In 1944 for city of Kharkiv were restored and equipped four turbines with total capacity of 68 thousand kW; two turbines with capacity of 22 thousand kilowatt for Kyiv and also erected turbines for Sevastopl, Kaluga, and Shterov Power Station total capacity of 28,200 kW.

Achievements in 1944 included:
- Four turbines with a total capacity of 68 thousand kW restored and equipped for the city of Kharkiv
- Two turbines with a capacity of 22 thousand kilowatt for Kyiv
- Erection of turbines for Sevastopl, Kaluga, and Shterov Power Stations with a total capacity of 28,200 kW

=== Development of nuclear turbine construction ===
Turboatom began serial production of MK-30 turbines with a capacity of 30 MW for mining and chemical centers with experimental reactors. The first Kharkiv MK-30 turbine began operations in December 1958 in Tomsk.

In the early 1970s, manufacture of turbines for nuclear power plants with a capacity of 500 MW was approved.

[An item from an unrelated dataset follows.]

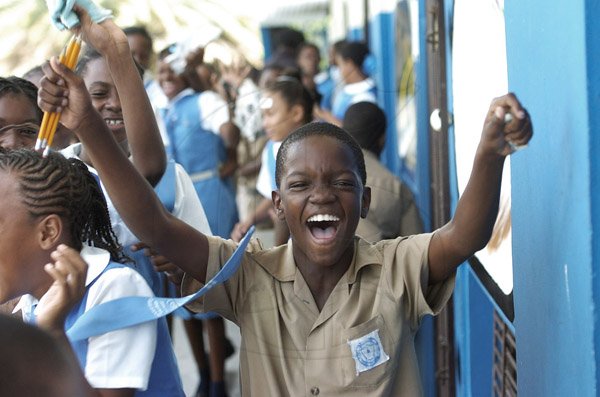 Ricardo Makyn/Staff Photographer.
Students from the Jessie Ripoll Primary School  celebrate after completing their GSAT exams at the School last Friday.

This allowed a sharp reduction in capital expenditure on the construction of power plants. Turbines of this type are installed at:
- Leningrad Nuclear Power Plant (the world's largest)
- Kursk Nuclear Power Plant
- Smolensk Nuclear Power Plant

In the 1970s, Turboatom was identified as a leading enterprise in designing and manufacturing powerful steam turbines for nuclear power plants.

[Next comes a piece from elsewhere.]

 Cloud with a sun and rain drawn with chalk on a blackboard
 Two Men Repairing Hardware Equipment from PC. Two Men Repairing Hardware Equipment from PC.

In 1982–1985 the company mastered manufacture of steam turbines with a capacity of 1000 MW for the following NPPs:
- South Ukraine Nuclear Power Plant
- Kalinin Nuclear Power Plant
- Zaporizhzhia Nuclear Power Plant
- Balakovo Nuclear Power Plant
- Rostov Nuclear Power Plant
- Kozloduy Nuclear Power Plant (Bulgaria)

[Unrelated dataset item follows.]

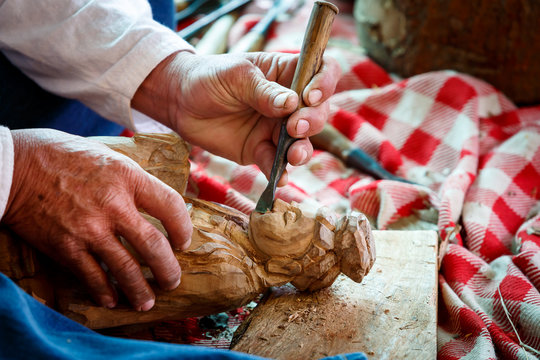 Hand of carver carving wood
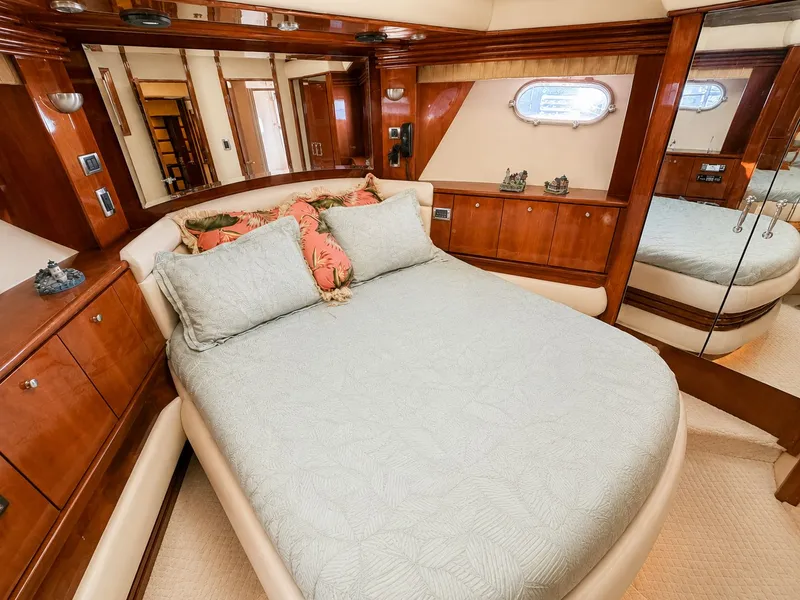 Slide: The Image of Luxurious cabin with a large bed, wooden furnishings, and a porthole on the wall. - 20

== Developments since 1991 ==
In 1998, Turboatom backed out of a plan to help Russia construct a NPP in Iran, following pressure from US president Bill Clinton. The multi-million dollar deal would have provided 25 to 30 percent of the factory's total output over five years, and the backing-out was thus regarded as a severe blow to the regional economy by 2000.

In 2012 while visiting the site, then president Viktor Yanukovych called the company "Energoatom" instead of Turboatom three times during his visit. This is an example of a yanukism.

American utility company Westinghouse Electric signed a memorandum of understanding (MOU) with Turboatom in 2017 in order to assist in the upgrading of Ukraine's 13 VVER-1000 reactors. Another MOU followed in 2018 with Japanese power and engineering company Toshiba Energy Systems & Solutions Corporation.

At the end of July 2018, the company's specialists produced high-pressure cylinders CNT-1 to Armenian Nuclear Power Plant.

In 2019 Energoatom and Turboatom signed a five-year contract to modernise condensers and turbines at a number of Ukrainian nuclear power plants.

=== Privatization ===
On 10 December 2010, the privatisation of Ukraine’s strategic enterprises was authorised, after which the Cypriot company Linfot Limited purchased a 15% stake in Turboatom.

In 2017, the National Reforms Council floated the idea that Turboatom could be privatized. At that time, the state held a controlling stake of roughly 75 percent in the company, with Ukrainian Prime Minister Volodymyr Groysman arguing that the state should continue to control a stake of at least 51 percent after privatization.

A governmental committee approved the transfer of the state's 75 percent stake into private hands in May 2018. However, the government terminated any privatization process of the company in 2019 by removing Turboatom from a list of companies cleared for privatization.